▸ **Problem to solve**:
The required output is the stretch from the line containing "It says use" through the line containing "If I create" in the records below, unaltered and with no pictures.

▸ **Materials provided**:
—————
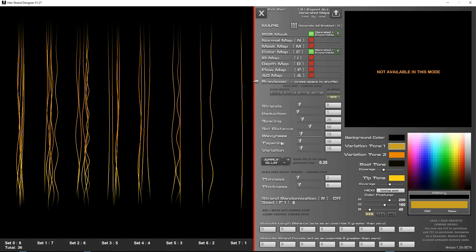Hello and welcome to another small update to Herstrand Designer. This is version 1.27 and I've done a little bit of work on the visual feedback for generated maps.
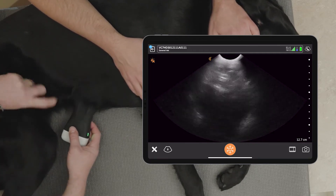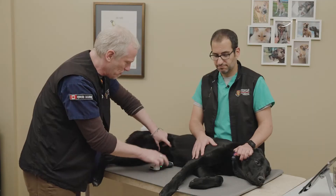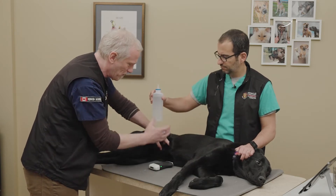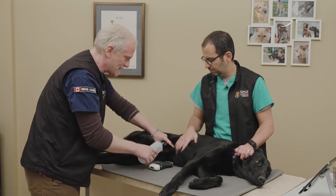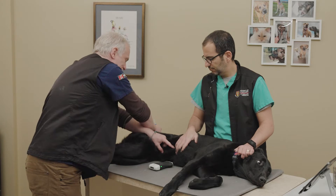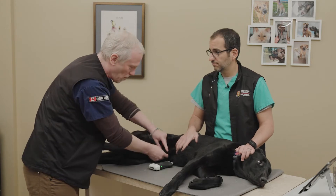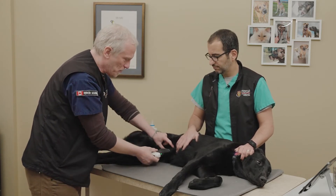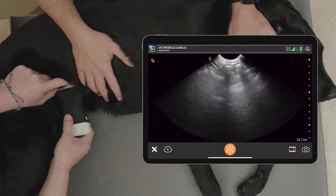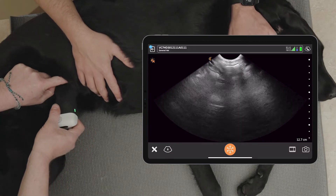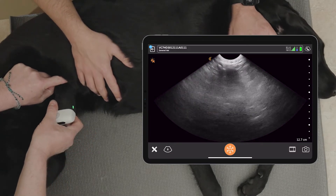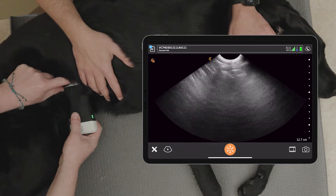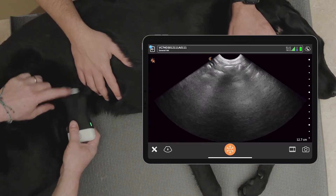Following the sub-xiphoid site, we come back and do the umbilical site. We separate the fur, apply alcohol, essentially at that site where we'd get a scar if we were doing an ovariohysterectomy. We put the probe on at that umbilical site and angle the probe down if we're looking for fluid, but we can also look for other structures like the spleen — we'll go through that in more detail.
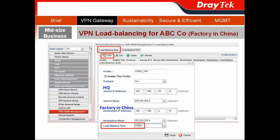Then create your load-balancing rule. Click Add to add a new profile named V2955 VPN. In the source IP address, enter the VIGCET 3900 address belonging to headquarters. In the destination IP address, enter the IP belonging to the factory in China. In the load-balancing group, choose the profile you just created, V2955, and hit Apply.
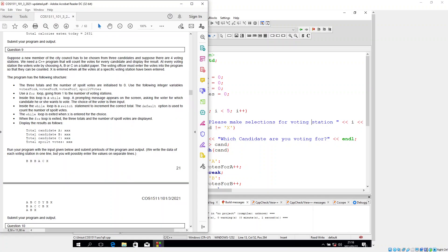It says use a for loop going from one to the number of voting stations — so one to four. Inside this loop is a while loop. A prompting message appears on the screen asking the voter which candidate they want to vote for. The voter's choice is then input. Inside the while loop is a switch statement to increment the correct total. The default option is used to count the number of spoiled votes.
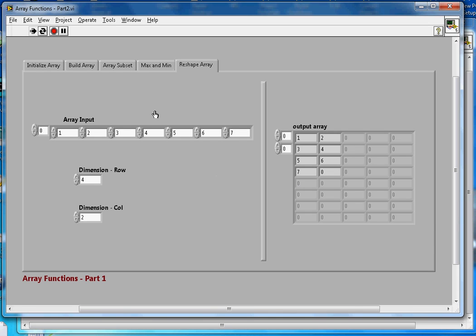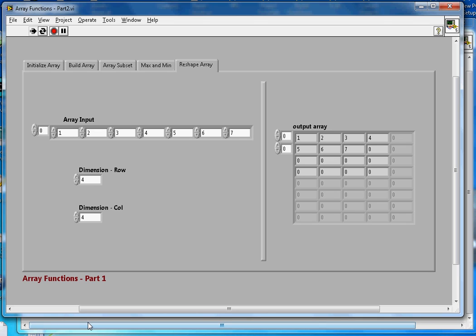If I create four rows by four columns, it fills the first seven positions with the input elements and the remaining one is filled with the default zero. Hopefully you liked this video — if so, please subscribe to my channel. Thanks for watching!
—————
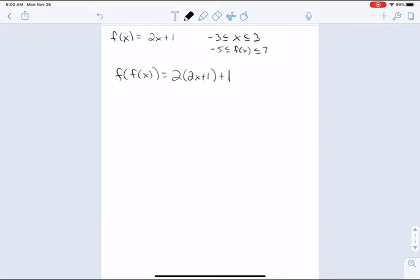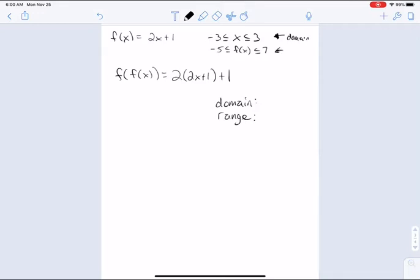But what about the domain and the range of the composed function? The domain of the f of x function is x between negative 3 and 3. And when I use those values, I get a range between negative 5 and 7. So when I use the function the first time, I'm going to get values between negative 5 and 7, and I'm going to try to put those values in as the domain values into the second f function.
—————
▸ **Problem solution**:
It says use a for loop going from one to the number of voting stations — so one to four. Inside this loop is a while loop. A prompting message appears on the screen asking the voter which candidate they want to vote for. The voter's choice is then input. Inside the while loop is a switch statement to increment the correct total. The default option is used to count the number of spoiled votes.
If I create four rows by four columns, it fills the first seven positions with the input elements and the remaining one is filled with the default zero. Hopefully you liked this video — if so, please subscribe to my channel. Thanks for watching!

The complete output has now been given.